Online-Pflegekurse im Überblick

Millionen von Menschen pflegen ihre eigenen Angehörigen im häuslichen Umfeld oder leisten einer pflegenden Kraft unterstützende Hilfe. Die Tendenz ist stark steigend. Dabei ist die Pflege der Angehörigen oft eine enorme Belastung. Nicht nur, weil sie viel Zeit und Geduld in Anspruch nimmt, sondern auch weil sich viele Angehörige ohne das nötige Fachwissen schnell überfordert fühlen. Daher bieten zahlreiche soziale Träger und Organisationen mittlerweile Online-Pflegekurse an. Die kosten hierfür werden von der jeweiligen Pflegekasse übernommen. Wer dieses Angebot im Programm hat, was es beim digitalen Pflegekurs zu lernen gibt und warum eine Teilnahme für Angehörige eine große Hilfe sein kann haben wir in diesem Artikel übersichtlich zusammengefasst.

Die Pflege ist Hochleistung

Menschen, die ihre Liebsten zu Hause selbst pflegen, haben unser allergrößten Respekt verdient. Jeder, der einen zu pflegenden Angehörigen hat, weiß wie kräftezehrend, psychisch belastend und anstrengend diese Aufgabe ist. Gerade zu Beginn der Pflege stellen sich viele Familienmitglieder einige Fragen. Kein Wunder also, dass gerade die erste Phase mit jeder Menge Unsicherheit verbunden ist. Hinzukommt eine mentale Belastung. Der Verfall oder eine gemeine Krankheit wie Demenz belastet uns. Vor allem dann, wenn es sich dabei um unsere Liebsten handelt. Hinzukommt, dass manche Menschen im Alter, insbesondere mit Demenz, ein verletzendes Verhalten zeigen. Natürlich ohne dies bewusst zu wollen. Daher ist der richtige Umgang mit Krankheiten und solchem Verhalten enorm wichtig, um seine eigene Psyche zu schützen. Auch hier setzt der Onlinekurs für angehörige Pflegende an.
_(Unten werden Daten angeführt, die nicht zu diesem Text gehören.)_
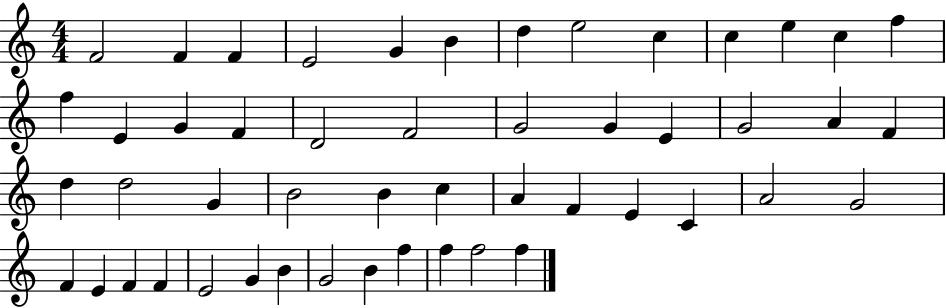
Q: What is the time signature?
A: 4/4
Was lernt man im Online Pflegekurs?

Im Pflegekurs geht es darum, den Angehörigen das nötige Fachwissen und die wichtigsten Kenntnisse in den verschiedenen Bereichen der Pflege zu vermitteln. Ziel soll es sein, der pflegebedürftigen Person gut helfen zu können und das, ohne sich selbst zu stark zu belasten. Dabei können die Teilnehmer selbst wählen, mit welchem Themenbereich sie beginnen möchten und sich den Kurs selbst zurechtlegen. Die Inhalte sind natürlich von Pflegeexperten zusammengestellt worden und in ihrer Qualität abgesichert. Oft unterteilt sich das digitale Angebot in die Bereiche „Praktische Pflege“, „Hygiene“, „Selbstpflege“ und „Recht und Finanzen“. Im folgenden Abschnitt stellen wir vor, welche Inhalte dann jeweils behandelt werden.

Praktische Pflege

Der Pflegekurs beschäftigt sich in diesem Abschnitt vor allem mit dem Vermitteln der wichtigsten Handgriffe, die in der Pflege zum Einsatz kommen. Dabei geht es um das fachgerechte Anreichen von Trinken und Essen und den Umgang mit Flüssignahrung, intravenöser Ernährung oder Sonderernährung. Angesprochen wird außerdem die richtige Mobilisierung zur Lagerung und die dazugehörigen Lagerungstechniken sowie Handgriffe zur Körperpflege. Hinzukommt die fachgerechte Gabe von Medikamenten und die entscheidenden Handgriffe beim Aus- und Einkleiden.

Selbstpflege

In diesem Abschnitt geht es vor allem um unterstützende Pflege. Etwa, wie die Pflege richtig organisiert werden kann und wie es möglich ist, bei Bewegungen zu unterstützen. Auch die Unterstützung beim Essen oder Trinken steht auf der Agenda. Zudem ist ein wichtiger Punkt, wie Folgeerkrankungen vorgebeugt bzw. wie sie erkannt werden können.

Hygiene

Die Hygiene spielt bei der fachgerechten Pflege der Angehörigen auch eine wichtige Rolle. Dabei bekommen die Teilnehmer beispielsweise alle wichtigen Informationen rund um die richtige Intimpflege beigebracht. Auch Maßnahmen zur Hygiene im Haushalt ist Bestandteil des digitalen Kurses. Immerhin ist eine hygienische Umgebung bei pflegebedürftigen Menschen sehr wichtig für die Gesundheit. Zudem stellt die aktuelle Corona-Situation viele Angehörige vor viele offene Fragen. Daher haben viele Anbieter gerade zu diesem Thema einen extra Themenblock zusammengestellt.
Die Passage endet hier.